How Long-Term is the Demand for Bitcoin ETFs?

The total net inflows into spot Bitcoin ETFs launched in January 2024 has reached around 39 billion dollars. However, according to a report by 10x Research, a significant portion of these inflows stem from short-term trading strategies and arbitrage opportunities. Only a small fraction of investors are considering Bitcoin as a long-term investment.
Markus Thielen, the Research Head at 10x Research, mentioned that only 17.5 billion dollars, which is 44%, represent actual long-term investments. Arbitrage strategies, particularly methods known as “carry trade,” constitute 56% of the inflows. This strategy involves investors purchasing spot Bitcoins and simultaneously opening short positions in Bitcoin futures to profit from price differences between the two markets.
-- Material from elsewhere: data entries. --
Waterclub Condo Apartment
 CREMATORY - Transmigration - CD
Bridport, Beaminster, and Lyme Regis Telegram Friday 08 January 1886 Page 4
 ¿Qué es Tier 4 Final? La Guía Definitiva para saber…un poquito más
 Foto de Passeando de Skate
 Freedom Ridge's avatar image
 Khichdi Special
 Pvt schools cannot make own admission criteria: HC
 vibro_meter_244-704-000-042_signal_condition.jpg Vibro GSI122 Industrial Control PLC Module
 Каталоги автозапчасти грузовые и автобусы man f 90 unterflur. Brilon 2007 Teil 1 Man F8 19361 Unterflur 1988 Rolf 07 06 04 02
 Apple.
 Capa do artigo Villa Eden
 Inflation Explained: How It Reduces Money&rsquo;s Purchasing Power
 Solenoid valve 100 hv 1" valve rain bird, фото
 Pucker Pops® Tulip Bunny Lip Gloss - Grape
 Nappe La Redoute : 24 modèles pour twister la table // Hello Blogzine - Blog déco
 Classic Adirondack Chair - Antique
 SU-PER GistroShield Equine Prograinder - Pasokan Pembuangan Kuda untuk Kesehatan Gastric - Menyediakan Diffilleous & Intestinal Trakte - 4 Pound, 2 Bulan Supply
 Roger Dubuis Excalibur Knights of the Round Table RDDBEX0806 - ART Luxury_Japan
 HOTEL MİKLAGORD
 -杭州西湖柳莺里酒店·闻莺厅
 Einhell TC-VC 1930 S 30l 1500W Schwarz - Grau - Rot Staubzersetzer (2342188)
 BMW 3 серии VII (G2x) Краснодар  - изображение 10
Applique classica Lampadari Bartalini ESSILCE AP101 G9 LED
Thielen stated that this demonstrates a much lower real demand for Bitcoin than what is suggested in media reports.
Thielen noted that following the recent U.S. presidential elections, there has been an increase in long-term Bitcoin purchases, indicating a shift in buying behavior. Despite the increase in long-term purchases, a decrease in retail trading volumes has undermined funding rates, leading to a wave of ETF outflows. After the resignation of the cautious SEC Chairman Gary Gensler regarding crypto regulations, the asset management company 21Shares applied for a Polkadot ETF. This application was made at a critical time for the future of crypto ETFs. Additionally, Tuttle Capital Management has applied for crypto-based leveraged ETFs, including funds linked to popular meme coins. Analysts suggest that these applications are part of a strategy to test the boundaries of crypto-friendly regulators at the SEC during the Trump era.